__INFORMATION SHOWN__:
- - -

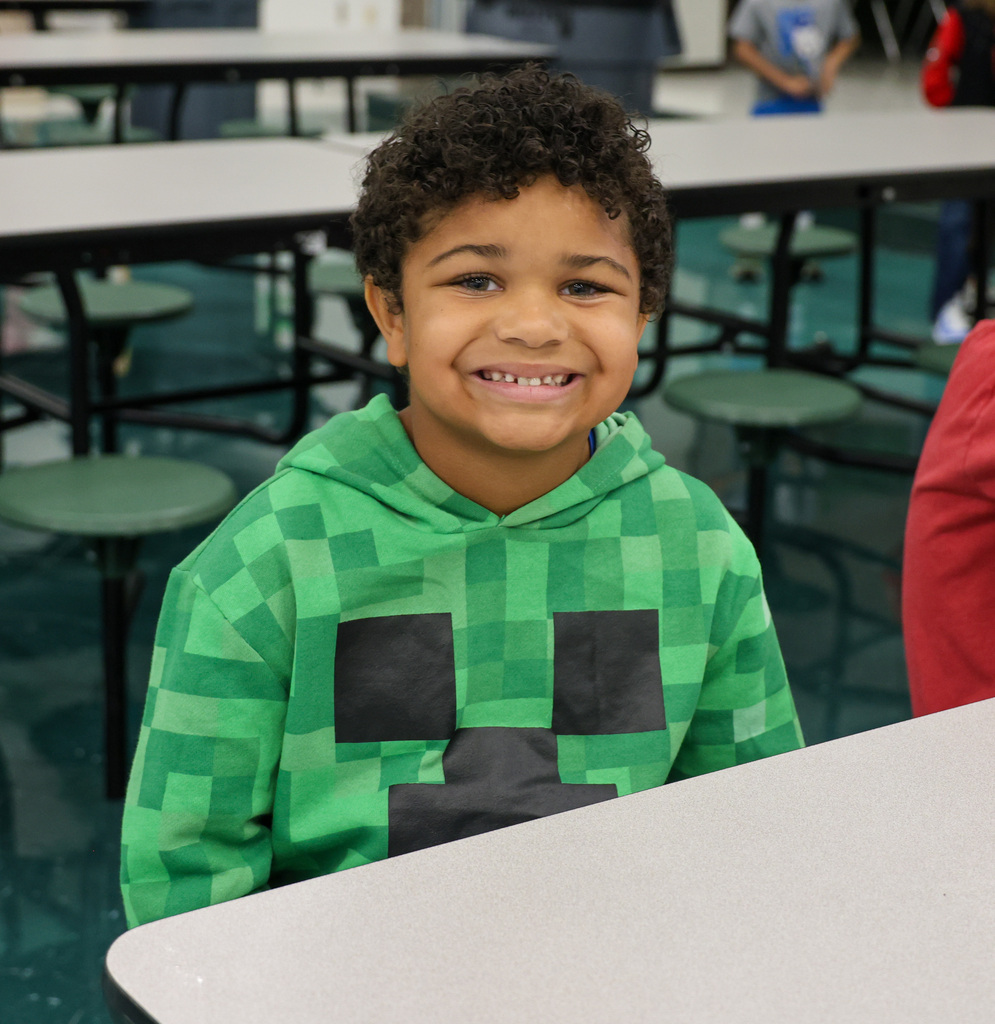 Bridgeport Elementary student smiling at the lunch table.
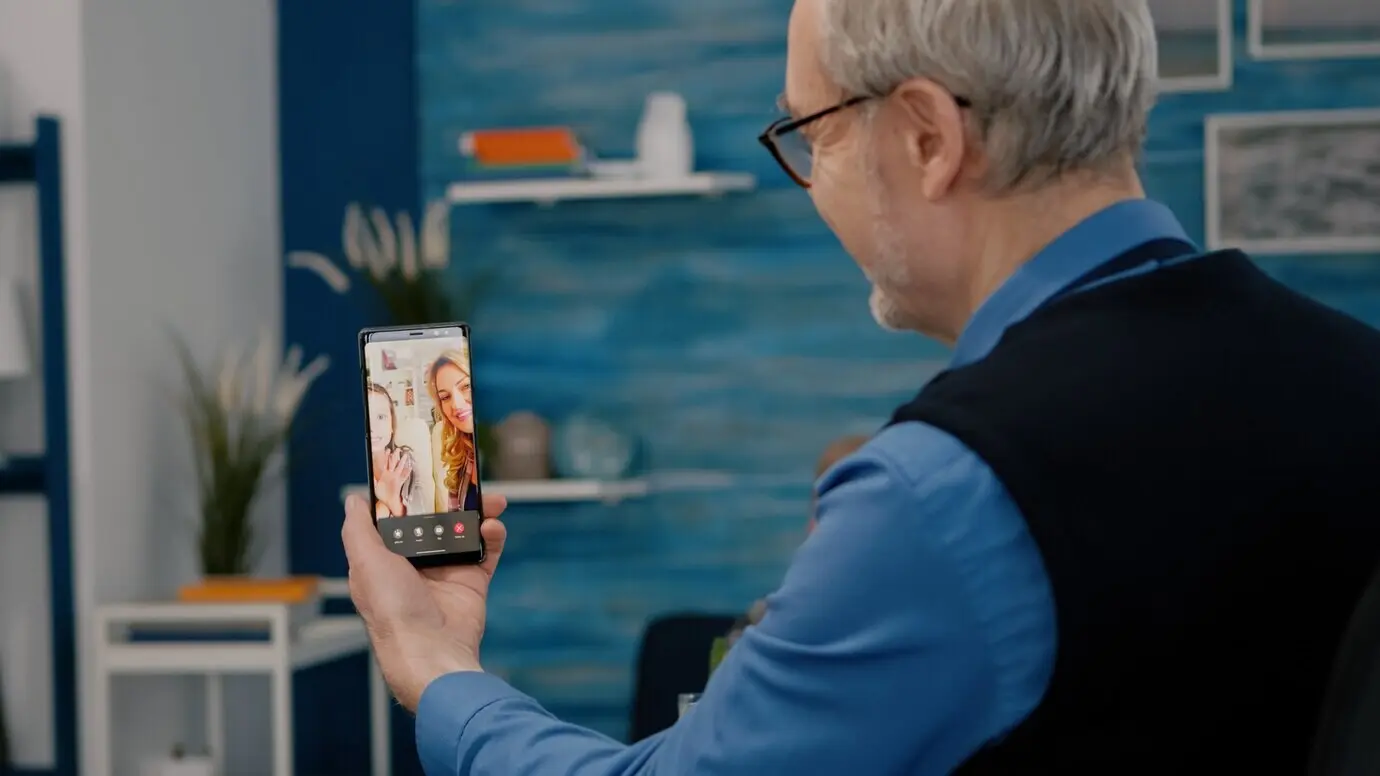 Пожилой мужчина на пенсии сидит в гостиной и с помощью смартфона ведёт онлайн‑видеозвонок с племянником.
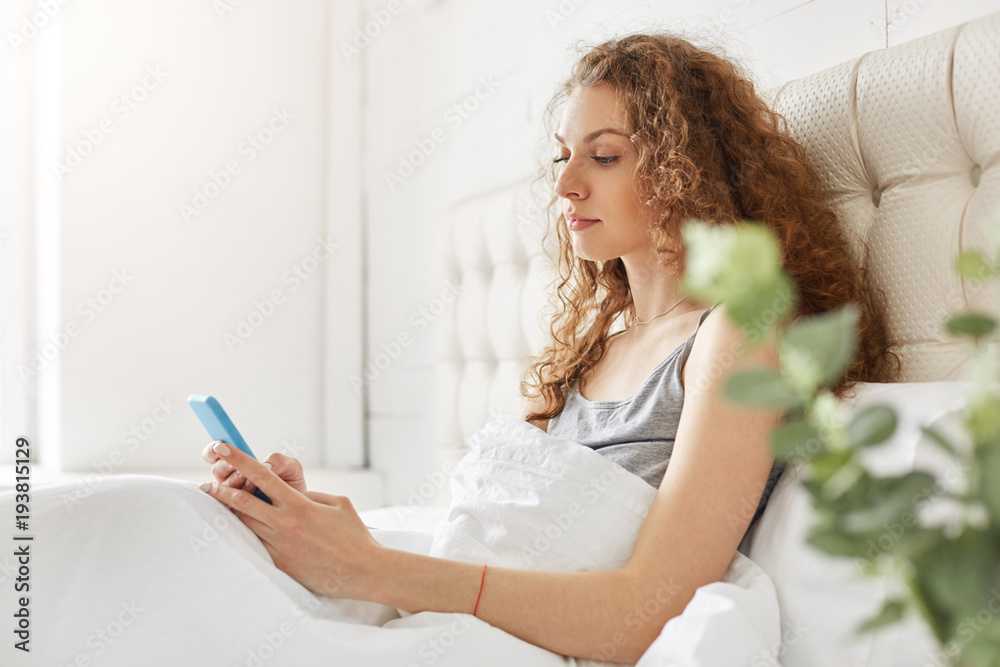 Sideways portrait of serious female with attractive look, sits under white soft bedclothes, reads news online on modern smart phone, wants to know what happened for day. People, leisure, bed time Sideways portrait of serious female with attractive look, sits under white soft bedclothes, reads news online on modern smart phone, wants to know what happened for day. People, leisure, bed time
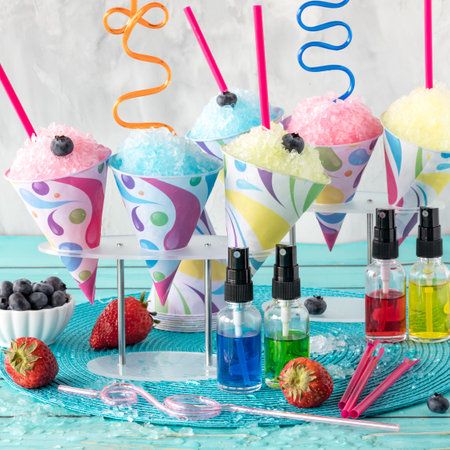 Fruit flavoured icy snow cones with different flavour syrups in front.の写真素材
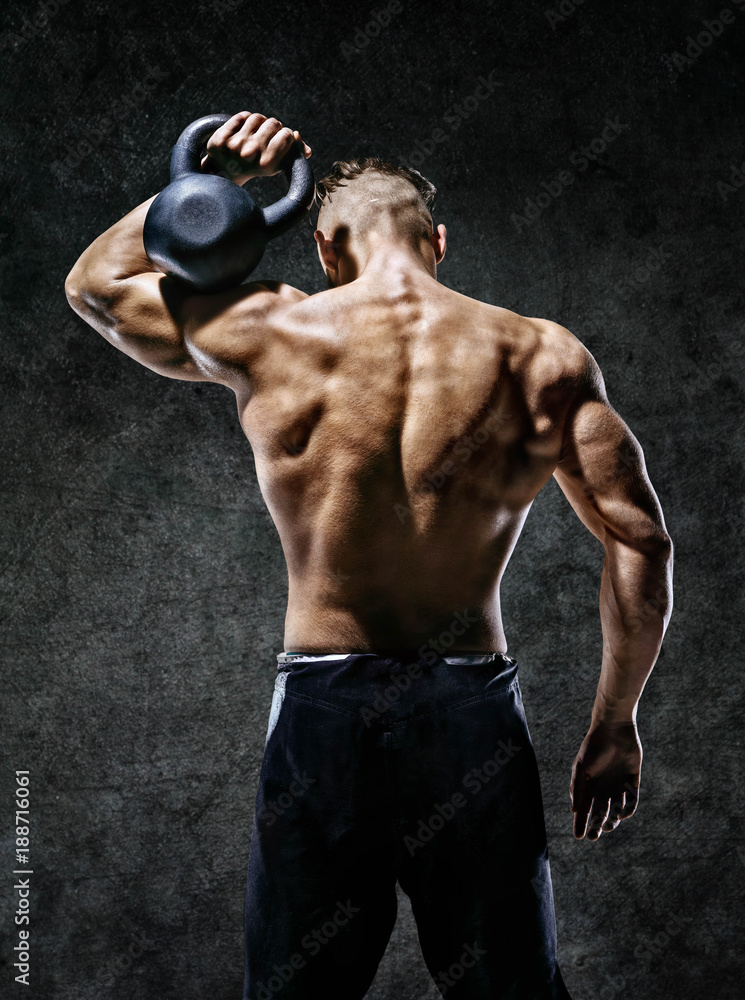 Muscular back of man. Rear view of fitness model with kettlebell on dark background. Strength and motivation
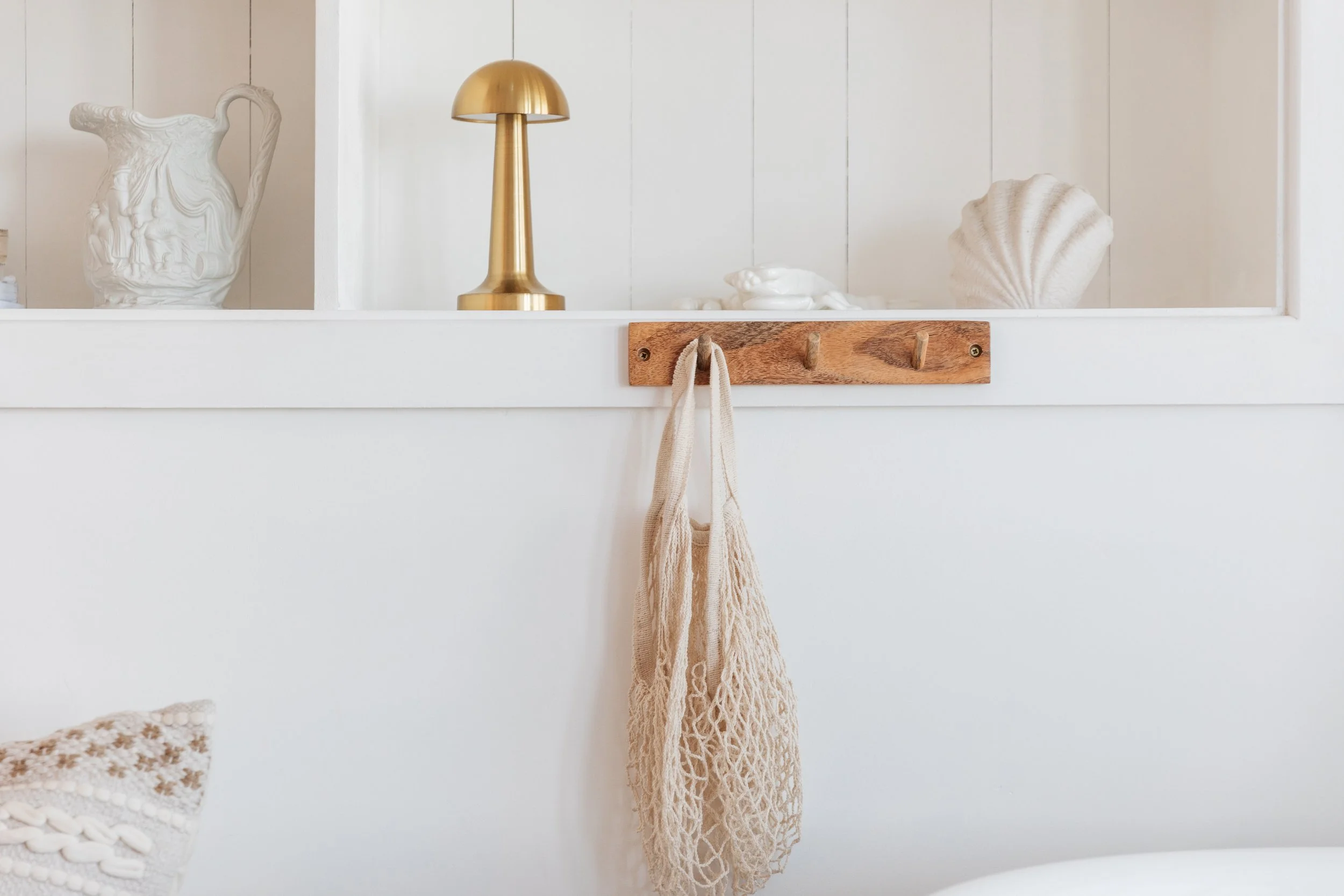 Decorative shelf with white ceramic pitcher, gold table lamp, seashells, and coral, with a beige tote bag hanging from hooks on a wooden board, against white wood-paneled wall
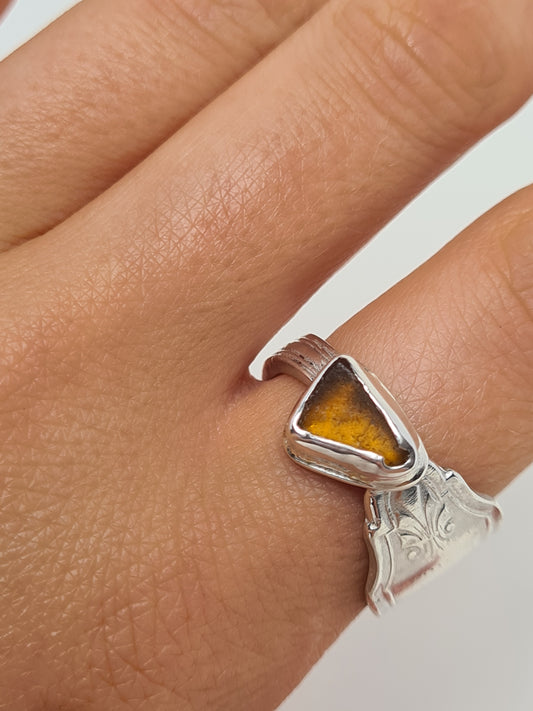 This beautiful amber sea gem is encased in a silver bezel set upon a reworked vintage sterling silver spoon with intricate details. Handmade with sustainability in mind this piece is made from 100% recycled silver.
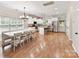 Open-concept kitchen with white cabinets, stainless steel appliances, and a large eat-in table at 3801 Creek Ridge Dr, Denver, NC 28037
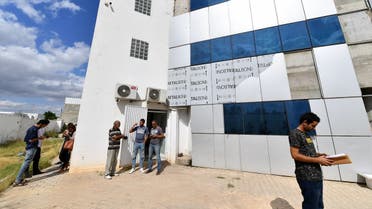 Employees gather outside the building housing the Zitouna TV channel on October 6, 2021, in the district of Mghira of greater Tunis, the country's capital. (Fethi Belaid/AFP)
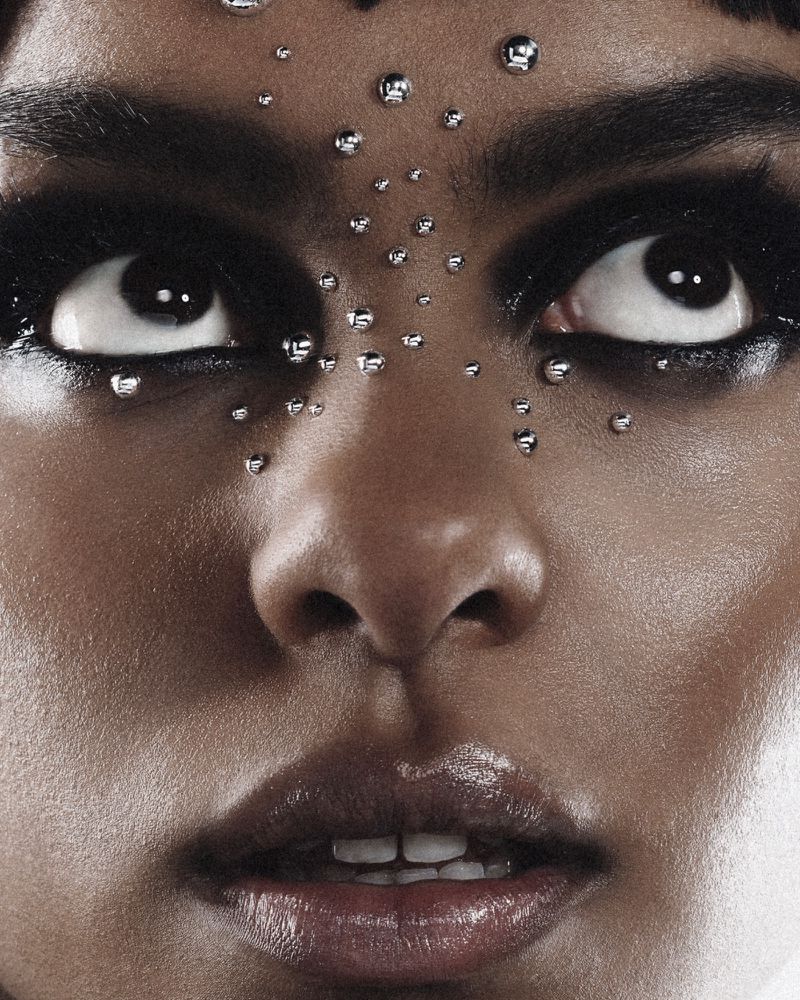 Close-up portrait of a woman with dark eye makeup and metallic studs on her face looking upward for Numero Netherlands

- - -

__WORK ORDER__:
The job here is to retype the data exactly, with no pictures included.

__REPLY TO THE TASK__:
 Bridgeport Elementary student smiling at the lunch table.
 Пожилой мужчина на пенсии сидит в гостиной и с помощью смартфона ведёт онлайн‑видеозвонок с племянником.
 Sideways portrait of serious female with attractive look, sits under white soft bedclothes, reads news online on modern smart phone, wants to know what happened for day. People, leisure, bed time Sideways portrait of serious female with attractive look, sits under white soft bedclothes, reads news online on modern smart phone, wants to know what happened for day. People, leisure, bed time
 Fruit flavoured icy snow cones with different flavour syrups in front.の写真素材
 Muscular back of man. Rear view of fitness model with kettlebell on dark background. Strength and motivation
 Decorative shelf with white ceramic pitcher, gold table lamp, seashells, and coral, with a beige tote bag hanging from hooks on a wooden board, against white wood-paneled wall
 This beautiful amber sea gem is encased in a silver bezel set upon a reworked vintage sterling silver spoon with intricate details. Handmade with sustainability in mind this piece is made from 100% recycled silver.
 Open-concept kitchen with white cabinets, stainless steel appliances, and a large eat-in table at 3801 Creek Ridge Dr, Denver, NC 28037
 Employees gather outside the building housing the Zitouna TV channel on October 6, 2021, in the district of Mghira of greater Tunis, the country's capital. (Fethi Belaid/AFP)
 Close-up portrait of a woman with dark eye makeup and metallic studs on her face looking upward for Numero Netherlands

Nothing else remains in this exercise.